Distinct and Direct, Part 3

In the podcast series, Seth Godin’s Startup School, Seth Godin gave a guided tour to a group of highly-motivated early-stage entrepreneurs on some of the questions they will have to dig deep and ask themselves while they build up their business. Here are my takeaways from various topics discussed in the podcast episodes.

NOTE: This appeared to be a Q&A session. Although the questions did not come through on the recording, I speculated on what some of the questions might be based on Seth’s answers.

Q: How should I use a lawyer or procure legal help?

A: A legal document might be an important marketing tool in certain business cases but do not overpay for legal assistance. The important thing to keep in mind is not get sued in the first place. Having well-crafted legal documents alone will not necessarily lessen our chance of getting sued.

There are two things we can do to help ourselves not get sued.

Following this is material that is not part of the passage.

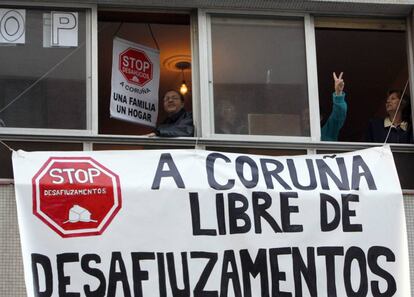 Protesta por el desahucio a una mujer en 2013 en A Coruña.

One is to write the contracts and agreements in clear English, so both parties know what we agreed on. That dramatically decreases the chance because most of the time people sue because they are hurt and angry. If they know what they signed up for, they are less likely to feel hurt and angry when things do not work out. The number two thing is to put a clause that says we will settle all disagreements by binding informal arbitration.

Q: What imprinted gifts or promotional items should I use?

A: Most of the imprinted stuff is junk. It is invisible, unremarkable, and not very memorable. The point is, it doesn’t have to be some fancy thing from China that imprinted. It can be an object. It could be anything, and we are just always giving out this object with a story attached to it. That is the icebreaker we can use to be memorable, as opposed to all that trade show junk. Those junks mean absolutely nothing.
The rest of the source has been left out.